* Short text fragments from websites:
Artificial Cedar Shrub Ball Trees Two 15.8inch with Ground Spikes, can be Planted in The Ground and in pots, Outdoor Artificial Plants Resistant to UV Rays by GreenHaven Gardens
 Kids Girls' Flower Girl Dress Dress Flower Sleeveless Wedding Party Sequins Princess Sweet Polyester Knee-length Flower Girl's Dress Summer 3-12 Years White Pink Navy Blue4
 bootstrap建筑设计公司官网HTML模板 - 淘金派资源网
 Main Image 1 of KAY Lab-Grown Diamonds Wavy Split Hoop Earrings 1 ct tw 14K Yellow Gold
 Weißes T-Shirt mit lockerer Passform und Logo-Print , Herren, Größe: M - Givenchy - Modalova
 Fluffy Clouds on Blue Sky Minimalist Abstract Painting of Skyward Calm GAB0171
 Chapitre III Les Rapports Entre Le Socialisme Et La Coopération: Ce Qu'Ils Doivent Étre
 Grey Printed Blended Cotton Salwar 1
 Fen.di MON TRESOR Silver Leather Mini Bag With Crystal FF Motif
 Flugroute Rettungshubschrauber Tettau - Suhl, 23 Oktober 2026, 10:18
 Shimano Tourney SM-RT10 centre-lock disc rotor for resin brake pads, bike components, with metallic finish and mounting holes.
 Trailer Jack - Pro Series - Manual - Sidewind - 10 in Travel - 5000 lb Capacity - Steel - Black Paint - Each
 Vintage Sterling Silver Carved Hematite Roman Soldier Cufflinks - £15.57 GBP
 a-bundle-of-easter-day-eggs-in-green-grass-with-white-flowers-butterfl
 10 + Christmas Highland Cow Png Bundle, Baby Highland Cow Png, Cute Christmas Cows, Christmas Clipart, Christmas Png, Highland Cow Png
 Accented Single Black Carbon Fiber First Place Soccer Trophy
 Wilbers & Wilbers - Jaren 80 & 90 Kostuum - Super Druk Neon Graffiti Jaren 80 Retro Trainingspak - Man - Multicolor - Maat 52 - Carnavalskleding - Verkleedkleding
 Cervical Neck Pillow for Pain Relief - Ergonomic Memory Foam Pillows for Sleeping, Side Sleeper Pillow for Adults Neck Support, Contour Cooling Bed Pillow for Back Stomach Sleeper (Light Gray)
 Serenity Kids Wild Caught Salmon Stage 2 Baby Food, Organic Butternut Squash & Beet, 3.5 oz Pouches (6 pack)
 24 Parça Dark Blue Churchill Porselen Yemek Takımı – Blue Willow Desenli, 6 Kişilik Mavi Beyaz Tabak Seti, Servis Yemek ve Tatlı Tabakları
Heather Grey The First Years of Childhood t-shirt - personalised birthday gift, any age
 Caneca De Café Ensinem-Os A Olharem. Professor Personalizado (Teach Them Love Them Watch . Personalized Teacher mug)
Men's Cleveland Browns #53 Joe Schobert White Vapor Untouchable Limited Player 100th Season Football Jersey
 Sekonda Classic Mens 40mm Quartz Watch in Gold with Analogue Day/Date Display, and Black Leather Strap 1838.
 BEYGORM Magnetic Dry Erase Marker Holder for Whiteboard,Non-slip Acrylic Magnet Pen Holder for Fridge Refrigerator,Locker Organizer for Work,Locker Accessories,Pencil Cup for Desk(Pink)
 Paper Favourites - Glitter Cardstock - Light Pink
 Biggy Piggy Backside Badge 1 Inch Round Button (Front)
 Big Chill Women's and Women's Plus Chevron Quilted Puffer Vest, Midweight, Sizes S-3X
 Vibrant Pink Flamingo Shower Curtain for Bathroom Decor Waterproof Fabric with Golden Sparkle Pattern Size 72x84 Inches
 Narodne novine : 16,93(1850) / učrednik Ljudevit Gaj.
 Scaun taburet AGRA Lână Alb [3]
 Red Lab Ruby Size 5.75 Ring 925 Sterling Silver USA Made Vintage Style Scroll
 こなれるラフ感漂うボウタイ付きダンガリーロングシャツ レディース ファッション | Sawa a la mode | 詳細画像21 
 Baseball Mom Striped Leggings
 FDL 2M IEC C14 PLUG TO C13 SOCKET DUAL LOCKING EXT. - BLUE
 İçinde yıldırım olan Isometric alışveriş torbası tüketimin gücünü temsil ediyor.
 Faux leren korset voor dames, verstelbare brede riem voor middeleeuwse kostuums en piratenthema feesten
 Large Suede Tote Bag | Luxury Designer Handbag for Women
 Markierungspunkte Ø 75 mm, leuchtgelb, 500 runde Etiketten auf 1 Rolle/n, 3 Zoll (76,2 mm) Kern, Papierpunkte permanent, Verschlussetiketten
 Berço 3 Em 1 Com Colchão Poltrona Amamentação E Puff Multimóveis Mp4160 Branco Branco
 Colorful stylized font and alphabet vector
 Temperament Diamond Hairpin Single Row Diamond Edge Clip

* Work to complete:
Transcribe the entries exactly, and make each line match the original.

* Task answer:
Artificial Cedar Shrub Ball Trees Two 15.8inch with Ground Spikes, can be Planted in The Ground and in pots, Outdoor Artificial Plants Resistant to UV Rays by GreenHaven Gardens
 Kids Girls' Flower Girl Dress Dress Flower Sleeveless Wedding Party Sequins Princess Sweet Polyester Knee-length Flower Girl's Dress Summer 3-12 Years White Pink Navy Blue4
 bootstrap建筑设计公司官网HTML模板 - 淘金派资源网
 Main Image 1 of KAY Lab-Grown Diamonds Wavy Split Hoop Earrings 1 ct tw 14K Yellow Gold
 Weißes T-Shirt mit lockerer Passform und Logo-Print , Herren, Größe: M - Givenchy - Modalova
 Fluffy Clouds on Blue Sky Minimalist Abstract Painting of Skyward Calm GAB0171
 Chapitre III Les Rapports Entre Le Socialisme Et La Coopération: Ce Qu'Ils Doivent Étre
 Grey Printed Blended Cotton Salwar 1
 Fen.di MON TRESOR Silver Leather Mini Bag With Crystal FF Motif
 Flugroute Rettungshubschrauber Tettau - Suhl, 23 Oktober 2026, 10:18
 Shimano Tourney SM-RT10 centre-lock disc rotor for resin brake pads, bike components, with metallic finish and mounting holes.
 Trailer Jack - Pro Series - Manual - Sidewind - 10 in Travel - 5000 lb Capacity - Steel - Black Paint - Each
 Vintage Sterling Silver Carved Hematite Roman Soldier Cufflinks - £15.57 GBP
 a-bundle-of-easter-day-eggs-in-green-grass-with-white-flowers-butterfl
 10 + Christmas Highland Cow Png Bundle, Baby Highland Cow Png, Cute Christmas Cows, Christmas Clipart, Christmas Png, Highland Cow Png
 Accented Single Black Carbon Fiber First Place Soccer Trophy
 Wilbers & Wilbers - Jaren 80 & 90 Kostuum - Super Druk Neon Graffiti Jaren 80 Retro Trainingspak - Man - Multicolor - Maat 52 - Carnavalskleding - Verkleedkleding
 Cervical Neck Pillow for Pain Relief - Ergonomic Memory Foam Pillows for Sleeping, Side Sleeper Pillow for Adults Neck Support, Contour Cooling Bed Pillow for Back Stomach Sleeper (Light Gray)
 Serenity Kids Wild Caught Salmon Stage 2 Baby Food, Organic Butternut Squash & Beet, 3.5 oz Pouches (6 pack)
 24 Parça Dark Blue Churchill Porselen Yemek Takımı – Blue Willow Desenli, 6 Kişilik Mavi Beyaz Tabak Seti, Servis Yemek ve Tatlı Tabakları
Heather Grey The First Years of Childhood t-shirt - personalised birthday gift, any age
 Caneca De Café Ensinem-Os A Olharem. Professor Personalizado (Teach Them Love Them Watch . Personalized Teacher mug)
Men's Cleveland Browns #53 Joe Schobert White Vapor Untouchable Limited Player 100th Season Football Jersey
 Sekonda Classic Mens 40mm Quartz Watch in Gold with Analogue Day/Date Display, and Black Leather Strap 1838.
 BEYGORM Magnetic Dry Erase Marker Holder for Whiteboard,Non-slip Acrylic Magnet Pen Holder for Fridge Refrigerator,Locker Organizer for Work,Locker Accessories,Pencil Cup for Desk(Pink)
 Paper Favourites - Glitter Cardstock - Light Pink
 Biggy Piggy Backside Badge 1 Inch Round Button (Front)
 Big Chill Women's and Women's Plus Chevron Quilted Puffer Vest, Midweight, Sizes S-3X
 Vibrant Pink Flamingo Shower Curtain for Bathroom Decor Waterproof Fabric with Golden Sparkle Pattern Size 72x84 Inches
 Narodne novine : 16,93(1850) / učrednik Ljudevit Gaj.
 Scaun taburet AGRA Lână Alb [3]
 Red Lab Ruby Size 5.75 Ring 925 Sterling Silver USA Made Vintage Style Scroll
 こなれるラフ感漂うボウタイ付きダンガリーロングシャツ レディース ファッション | Sawa a la mode | 詳細画像21 
 Baseball Mom Striped Leggings
 FDL 2M IEC C14 PLUG TO C13 SOCKET DUAL LOCKING EXT. - BLUE
 İçinde yıldırım olan Isometric alışveriş torbası tüketimin gücünü temsil ediyor.
 Faux leren korset voor dames, verstelbare brede riem voor middeleeuwse kostuums en piratenthema feesten
 Large Suede Tote Bag | Luxury Designer Handbag for Women
 Markierungspunkte Ø 75 mm, leuchtgelb, 500 runde Etiketten auf 1 Rolle/n, 3 Zoll (76,2 mm) Kern, Papierpunkte permanent, Verschlussetiketten
 Berço 3 Em 1 Com Colchão Poltrona Amamentação E Puff Multimóveis Mp4160 Branco Branco
 Colorful stylized font and alphabet vector
 Temperament Diamond Hairpin Single Row Diamond Edge Clip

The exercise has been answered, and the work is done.